Given information:

------------------------------------------------------------

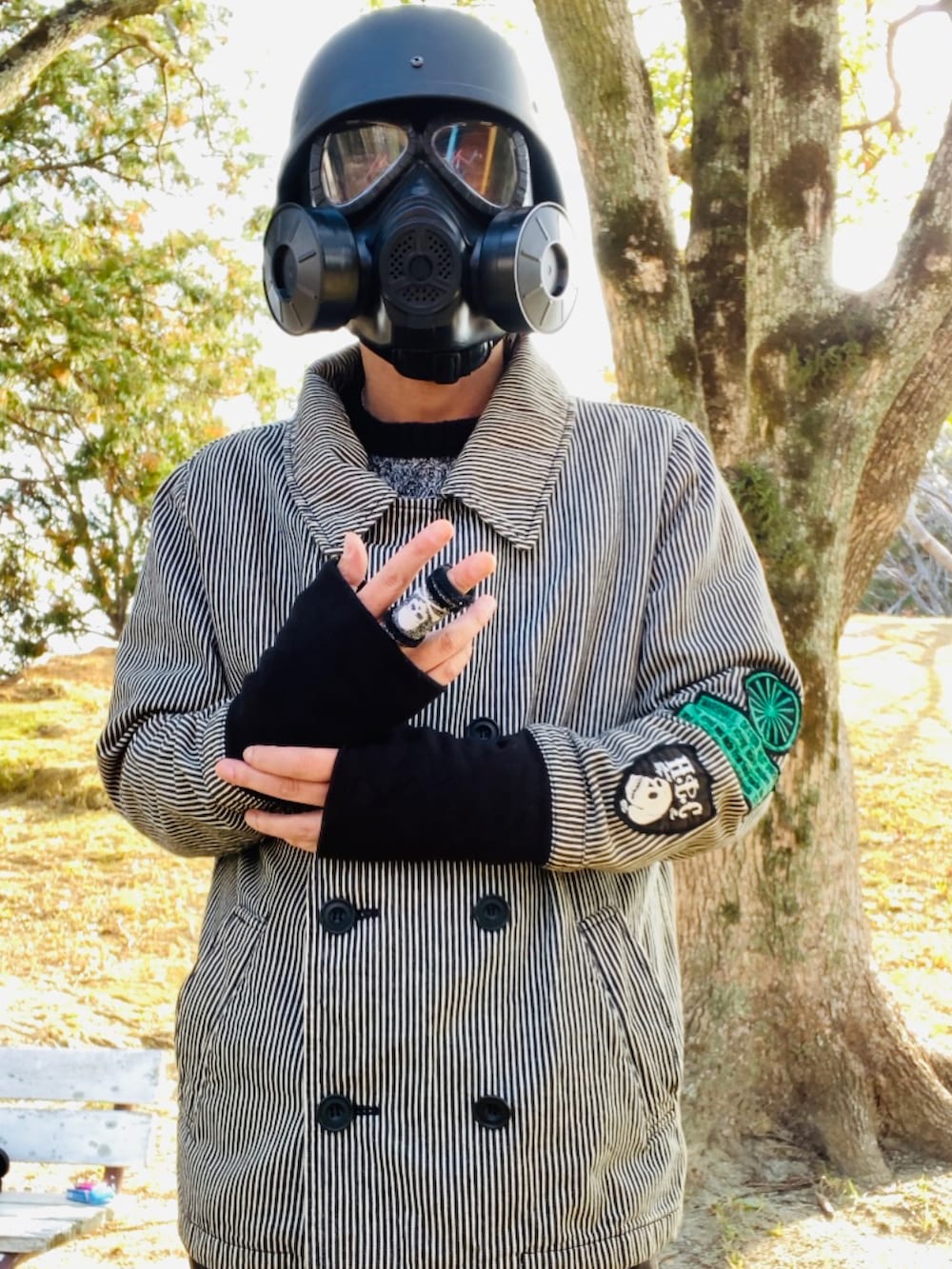 グレー系のニット/セーター、グレー系のピーコート、ブラック系のデニムパンツを着用したメンズの秋コーディネートの2枚目の写真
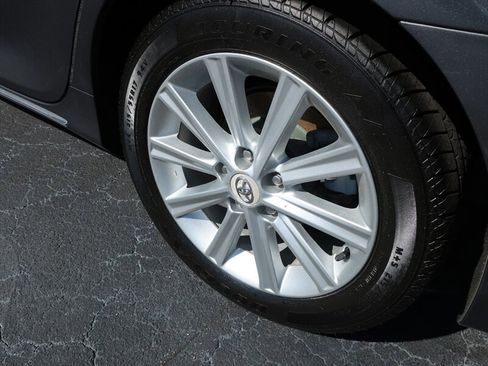 Used 2012 Toyota Camry XLE w/ Leather Pkg image 36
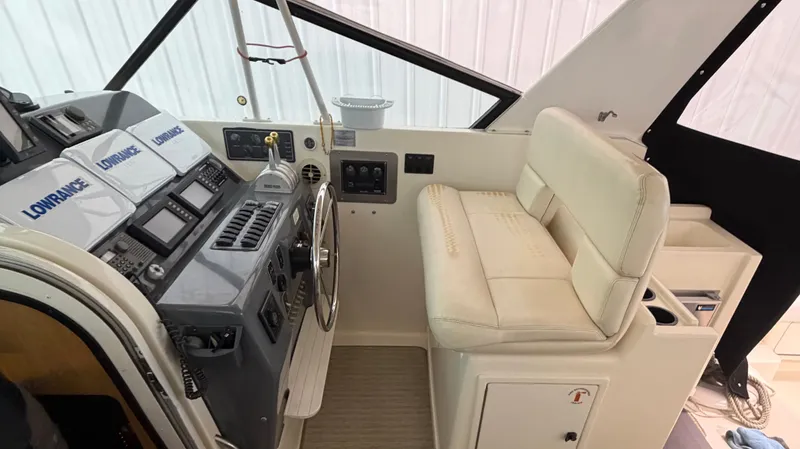 Slide: The Image of Tiara 4300 Open 1999 - 18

------------------------------------------------------------

Prompt:
The result should be the full material above, word for word, with its pictures omitted.

Answer to this exercise:
 グレー系のニット/セーター、グレー系のピーコート、ブラック系のデニムパンツを着用したメンズの秋コーディネートの2枚目の写真
 Used 2012 Toyota Camry XLE w/ Leather Pkg image 36
 Slide: The Image of Tiara 4300 Open 1999 - 18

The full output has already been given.